We are well into wintertime here in Devon with short cold days, long dark nights and frosty mornings. I’ve been getting bundled up in my winter cycling gear – fleece tights, extra layers up top, ear muffs, neck warmer and thick winter gloves. After a bad spill on some black ice a couple of weeks ago during my morning bicycle commute, I’ve been taking it easy on my ride into work. Although, I must admit that I look around at the hilltops, fields and sky more often than watching out for icy patches. So beautiful.
I wonder if it is beautiful just as it is, or is it made more beautiful when looked at in beauty?
This morning the world was dove grey, dawn pink and minty green, the fields dusted with frost and edged with silver-tipped pewter grey tree branches and hedgerows. And always, the slate-blue river flows to the sea.

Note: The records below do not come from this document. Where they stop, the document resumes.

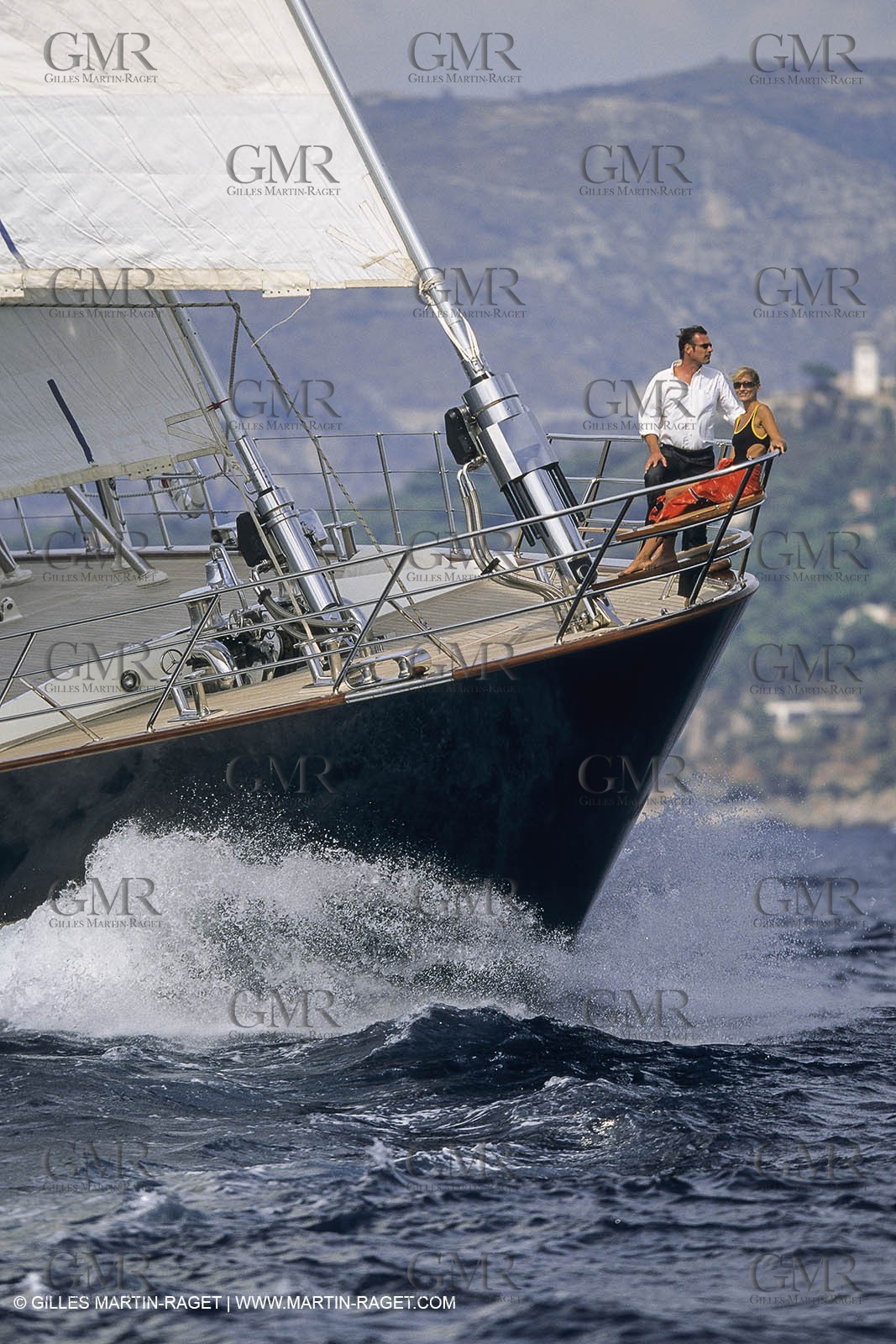 Sailing, Cruising, Super yachts, Perrini Navi, Atmosphère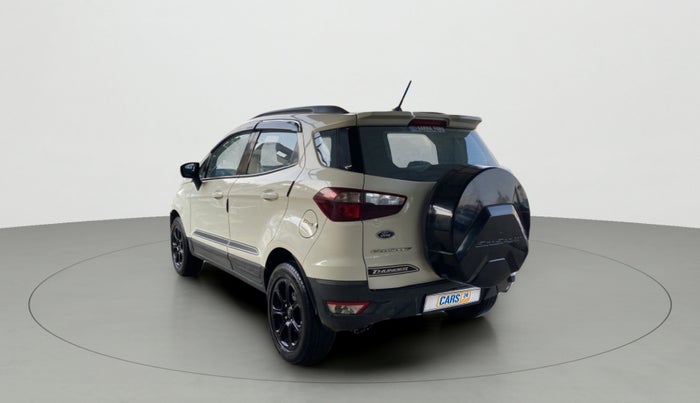 2020 Ford Ecosport TITANIUM 1.5L THUNDER EDTION DIESEL, Diesel, Manual, 29,115 km, Left Back Diagonal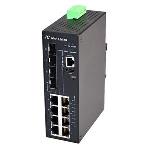 iConnectron IPM-1204G 8 Ports Management PoE+ Switch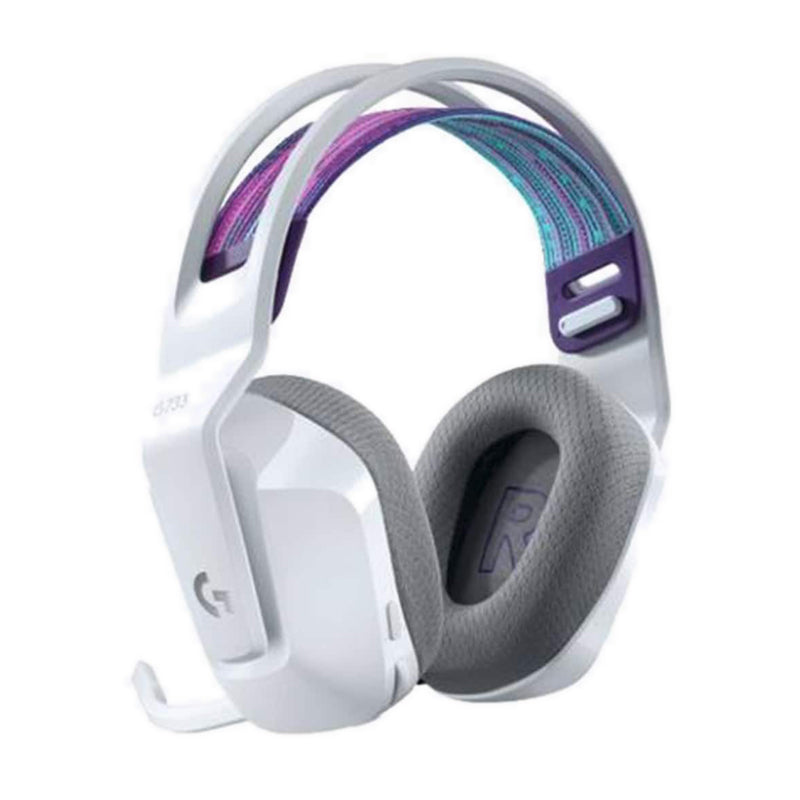 Logitech G733 Wireless Headset White - CVN000886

I went for a walk during my lunch break last week through the woods and fields that surround my workplace. I love the winterscape when the leaves have fallen away from twigs and branches and the trees show us their beautiful bones.
When the riot of springtime, the lushness of summer and the harvest of autumn have come to an end, the world quietens down for a rest. In the starkness of the winter landscape, we can make our way through more easily and find all of the secret places normally hidden from view.
We can also rest and somehow see more clearly when our own world quietens and we make the time and space to reflect and simply ‘be’.
I have been thinking about the heralds of spring – the wild daffodils and primroses. But as they are now, in their essence. The bulbs and seeds resting deep within the earth. At home, simply being, until the days start to slowly lengthen and it is once again time to grow and deepen their roots and to sprout upwards through the earth’s surface. Once again into the light.
I especially love home during the wintertime – a warm nest to return to and dream in, to build up the fire and light candles and cook and eat simple, warming foods like baked potatoes, pasta, porridge, stews and casseroles.
For me, the past few years have been a time of winter. What can I say about winter? A time of austerity and impatience. A time of yearning for springtime, yet waiting, always waiting. A time of surrendering to the empty silence. A time of stripping away what is not essential and discovering the essence of who I am. Finally, a time of finding home and when I least expected it, my own True Love.
The season begins to turn towards springtime, even in the depths of winter. Time to wait and see what will grow.